An Irish-domiciled pooled fund for qualified institutional and international investors, launched in 2018. The flagship vehicle through which ILA has delivered its track record — combining whole loan purchases across LendingClub and Prosper with the full PLS model stack. Offers direct exposure to ILA's AI-driven loan selection with the flexibility of a private fund structure.

Available Now
II
ILA Consumer ABS
Asset-Backed Securities

In collaboration with Performance Trust Capital Partners, BCM/ILA has structured a $100 million consumer loan ABS offering four rated note classes alongside an equity tranche. Loans are selected exclusively using the PLS model and subject to strict eligibility and concentration criteria. The rated note structure offers institutional and qualified investors tranche-specific risk/return profiles with KBRA-rated credit enhancement — a unique entry point for capital that benefits from the ILA edge without the return variability of whole-loan ownership.

Available Now
III
BCM Listed Interval Fund
Pending SEC Registration

Brookmont Capital Management is pursuing a registered, listed interval fund structure to make the ILA marketplace lending strategy accessible to a broader range of qualified investors — including RIA clients and family offices who require a 1940 Act-registered vehicle. The interval fund will deploy the same ILA PLS model and investment philosophy, with periodic liquidity windows and the transparency of a registered fund. This vehicle is designed to democratize access to a strategy historically available only to the largest institutional investors.

Pending Registration

Each access vehicle deploys ILA's identical proprietary PLS model and investment process. Vehicle selection should be driven by investor type, regulatory status, liquidity preferences, and return objectives. Contact Brookmont Capital Management for vehicle-specific offering documentation.

Leadership

The ILA Core Team

ILA's founding partners bring together Harvard Business School academic rigor and more than 28 years of investment management expertise — collaborating for over 15 years to build the definitive AI-driven consumer lending platform.

LC

Dr.
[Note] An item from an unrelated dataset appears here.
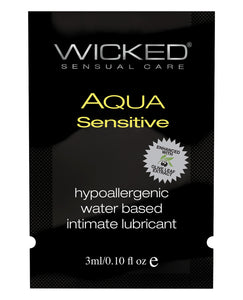 Wicked Sensual Care Hypoallergenic Aqua Sensative Water Based Lubericant - .1 oz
Lauren Cohen, PhD

Managing Partner · Chief Investment Officer

L.E. Simmons Chaired Professor of Finance at Harvard Business School and Research Associate at the National Bureau of Economic Research. Faculty Co-Chair of the HarvardX Fintech course and the HBS Executive Education course on Family Office Wealth Management. Research published in top finance journals; advises the SEC, USPTO, and has testified before the U.S. Congress. PhD and MBA in Finance from the University of Chicago; BSE and BA in Economics from The Wharton School, University of Pennsylvania.

EP

Ethan Powell, CFA

Principal · Chief Investment Officer, BCM

Principal and CIO at Brookmont Capital Management, an asset manager with over $1 billion in AUM. Founder of Impact Shares, a nonprofit asset manager, and Chairman of the Board for three mutual fund complexes totaling over $8 billion in assets. 28+ years in financial services across hedge funds and private equity, including senior roles at Highland Capital Management. Former CPA. MS in Management Information Systems and BS in Accounting from Texas A&M University.

AL

Andrew Lin

Chief Technology Officer

Director of Technology at Vela Wood; prior experience as In-House Counsel and Software Engineer at Arrived, and as an Associate at Gibson Dunn. Bridges the legal, engineering, and systems architecture dimensions critical to building robust automated loan-selection and ABS reporting infrastructure. JD from NYU School of Law; BS in Biochemistry from the University of Texas.